Ciao Leo, come ti presenteresti a chi non ti conosce?


Ciao!
Sono un dj/selector di un paesino vicino Ivrea, faccio parte di Ivreatronic e Aria Fresca e ho un programma radio su Radio Raheem. Fondamentalmente questo è.

Come sei entrato a contatto con il mondo del djing?


Si tratta di una passione/ossessione che ho da quando ho 12/13 anni circa. Sono passato in poco tempo da giocare e collezionare i Pokemon a fare la stessa cosa con la musica, mi ricordo che segnavo su un quadernino i titoli dei brani che sentivo in radio o sui canali tv delle radio (tipo m20 ahah) e poi andavo da un signore del mio paese a farmeli scaricare sul lettore mp3.
Per un bel po’ di tempo ho ascoltato musica elettronica così, non avevo internet a casa e non ero mai andato in una discoteca.
Mi ricordo, però, il momento in cui sono stato folgorato da questo mondo, qualche anno dopo questa prima fase di cui vi parlavo: era una festa di fine scuola in una piscina nei dintorni di Ivrea e nel palco 2 c’erano Denny e Luca Perino, due persone che sarebbero diventati poco dopo grandi amici. Proponevano un sound diverso da quello che avevo sentito fino ad allora, si trattava di deep/tech house che all’epoca mi sembrava la roba più figa del mondo. Diciamo che da lì ad ora è stato un lungo viaggio :)

Quali generi prediligi suonare? Ci sono stati cambiamenti a riguardo nel corso degli anni?


Non riesco a rispondere bene alla prima domanda, perchè nei miei set gioco a mescolare molti ritmi e musica di generazioni diverse. Di solito mi gioco la carta elettronica underground che vuol dire un po’ tutto e un po’ niente, ma va bene così. Riguardo ai cambiamenti sicuramente, ascolto tanta musica tutti i giorni da allora e l’orecchio cambia in continuazione. Mi piace l’idea che nella musica i giudizi alla fine valgano poco, mi ritrovo ad apprezzare oggi sonorità che magari 3/4 anni fa avrei giudicato inascoltabili e questo mi diverte molto.

Ci sono degli artisti (musicali e non) che ti hanno ispirato e che ti ispirano nel tuo lavoro?

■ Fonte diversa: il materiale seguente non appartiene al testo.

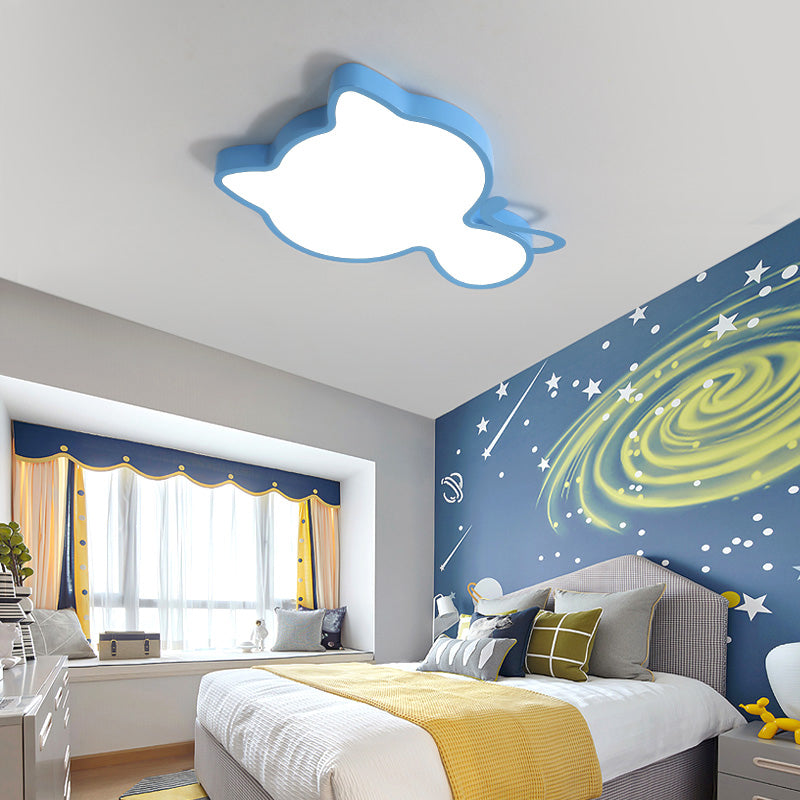 Simple Style Lovely Ceiling Lights Aluminum Kid's Room LED Flush-mount Lamp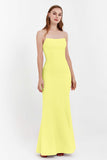 Mermaid Crepe Straight Across Formal Evening Dresses Long Prom Party Bridesmaid Dress Gowns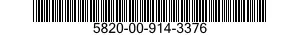 5820-00-914-3376  5820009143376 009143376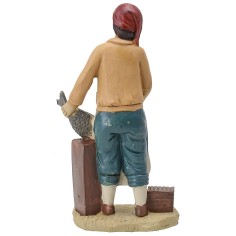 Oste con pesce in resina cm 20 2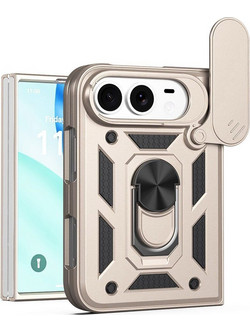 Techsuit CamShield Series Θήκη Gold (iPhone Duo)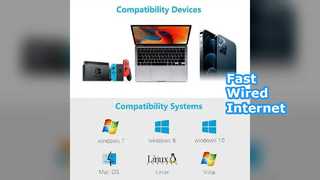 อะแดปเตอร์ Gigabit Ethernet USB 3.0 เสถียรรวดเร็ว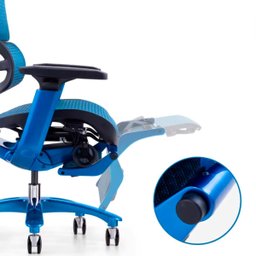 Cadeira Ergonômica Ergohaus Azurex com Apoio para Pernas e Encosto Ajustável - Azul - 8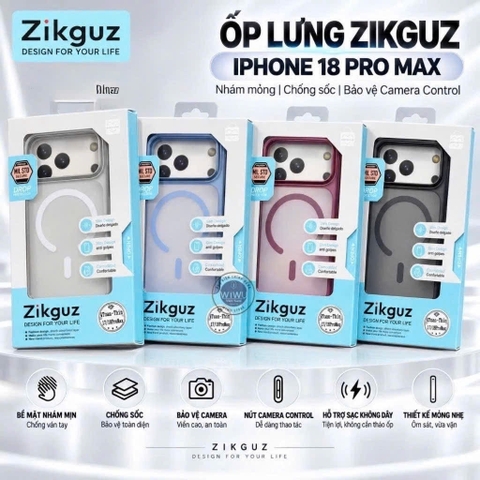Ốp Lưng Zikguz Tuan-Thin Nhám Chống Sốc cho iphone 17/18 promax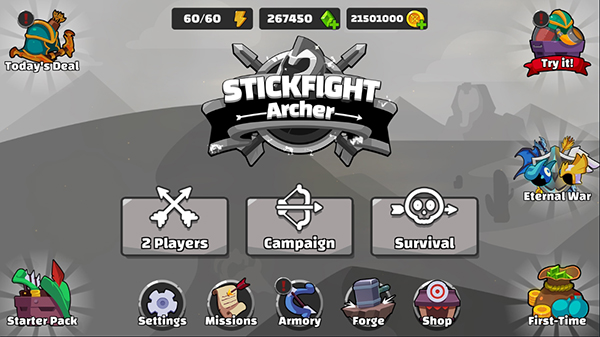 标杆弓箭手(Stickfight Archer) v1.59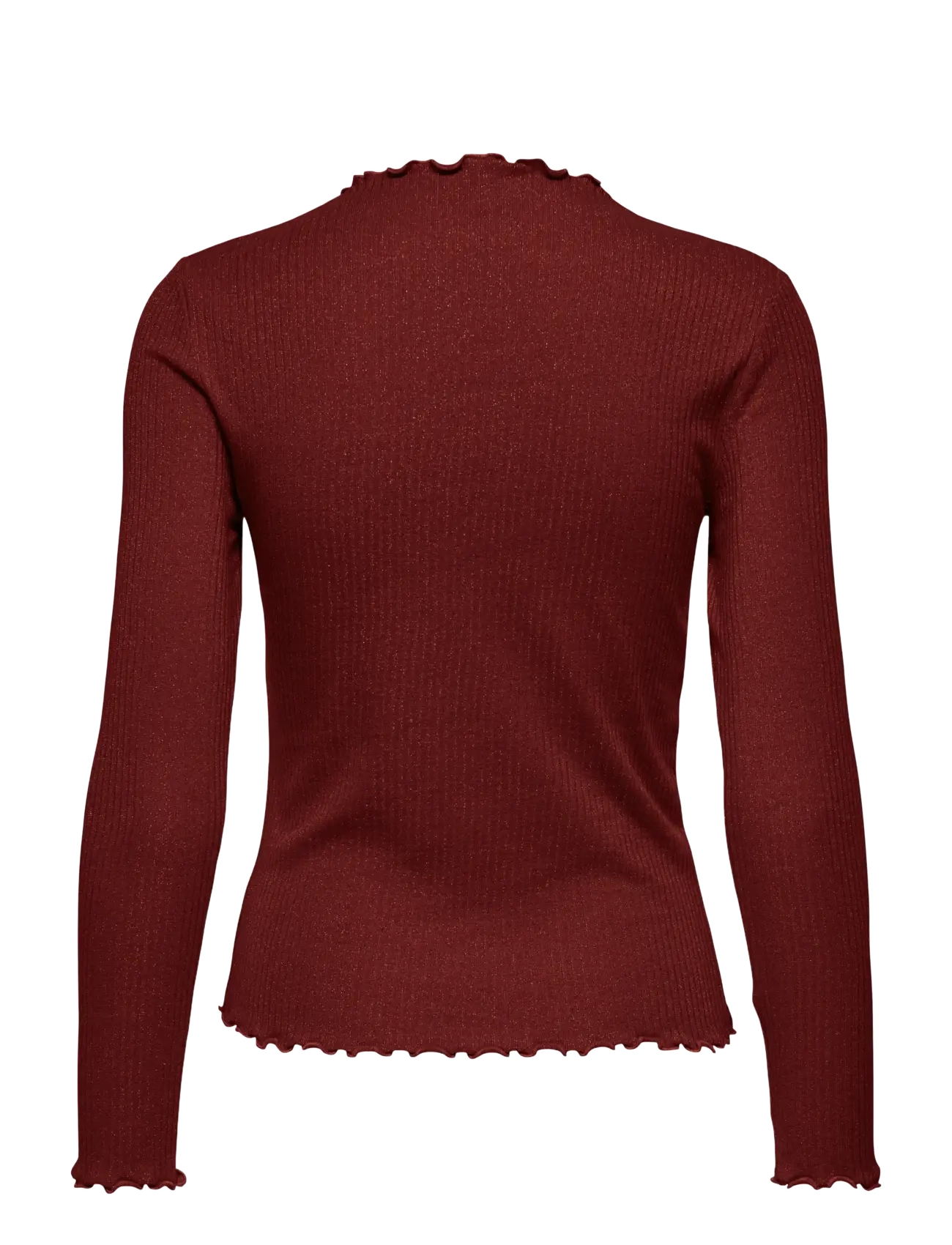 ONLY - ONLEMMA LIFE LS GLITTER TOP JRS NOOS - langärmlige tops - madder brown - 2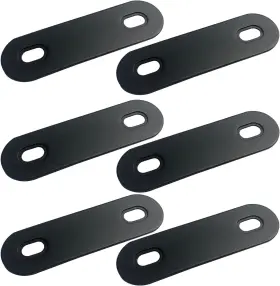 Brace02 Gxeabg 6 Pack Straight Brackets For Wood Brace 6.1 1.77 0.12inch Black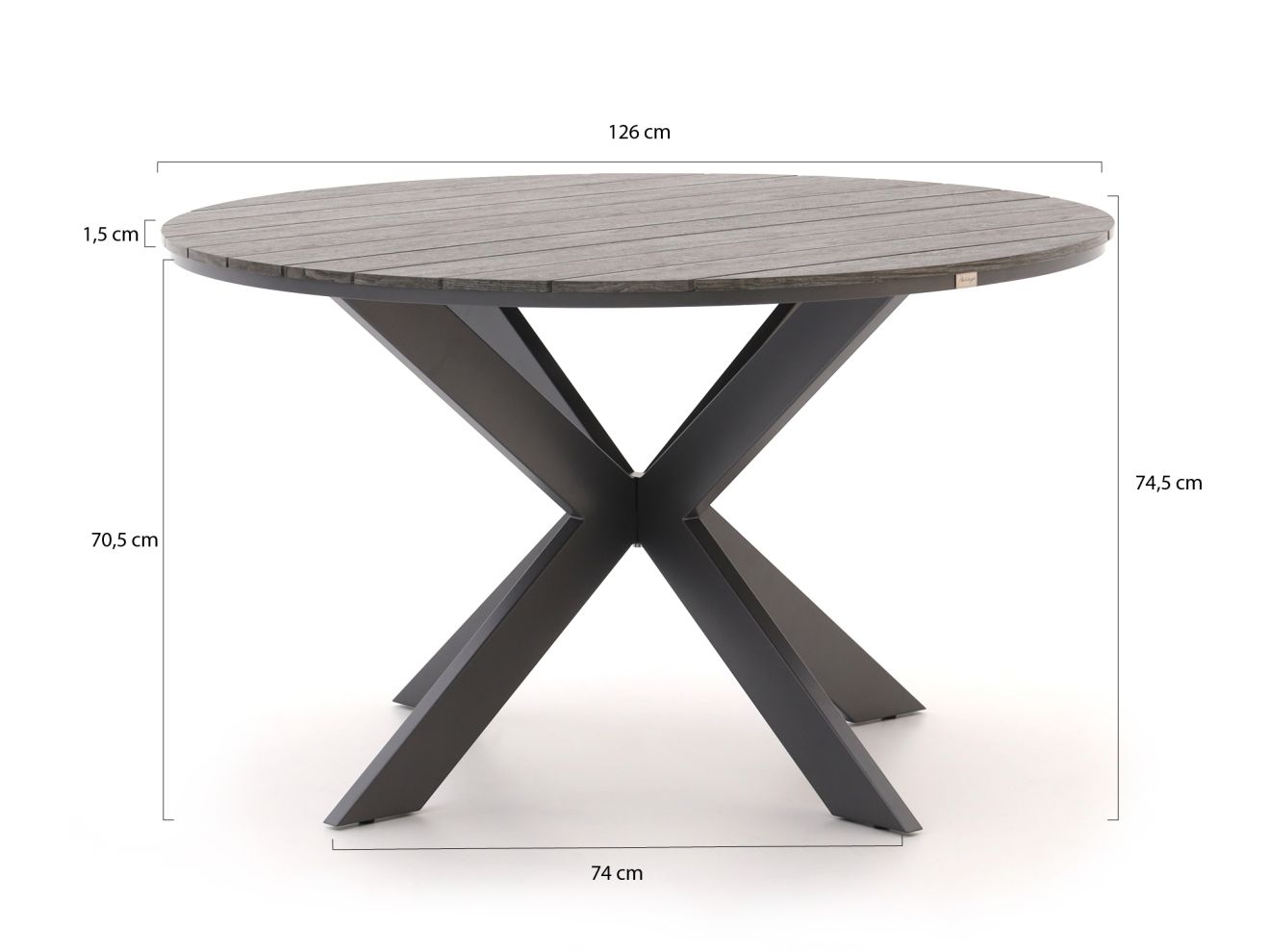 Forza Sile/Fidenza ø 126 cm Gartenmöbe...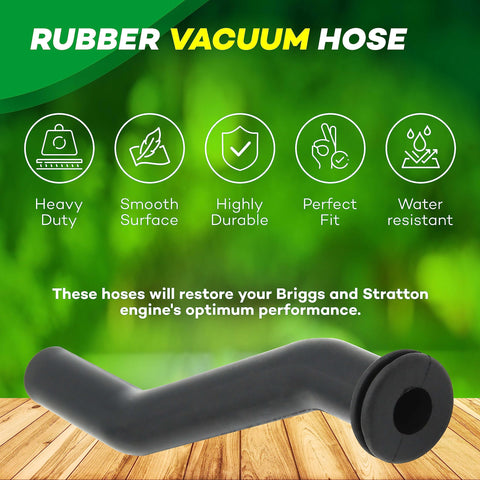 Calvana 596163 vacuum hose dimensions and specs including 3 inch length and 0.59 inch grommet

Sì, il mio gusto si è formato a suon di filoni che via via mi hanno travolto. Direi che la prima corrente che mi ha folgorato è stata la minimal; in particolare le produzioni di Ricardo Villalobos mi hanno proprio aperto il cervello sulle possibilità sottili che la musica offre in tema di trance e sofisticatezza. Poi con Drexciya e l’electro di Detroit ho studiato a fondo quella che è la matrice (anche politica) di ciò che facciamo. Parallelamente sono andato in fissa totale con i Kraftwerk, ho fatto molte considerazioni filosofiche sui temi che loro hanno proposto. Apprezzo la loro unicità e la visione, così chiara, pura e cristallina. Entrando poi in Ivreatronic, il gusto e la visione dei miei amici mi ha molto ispirato in questi anni, diciamo che è stato fondamentale per plasmare il mio gusto in modo ancora più strutturato; da quel momento la mia ricerca e il mio approccio si sono decostruiti, ho abbandonato il genere e la ricerca in base ai filoni storici/culturali, iniziando a percepire la musica come un magma in continua mutazione e costante rimescolamento.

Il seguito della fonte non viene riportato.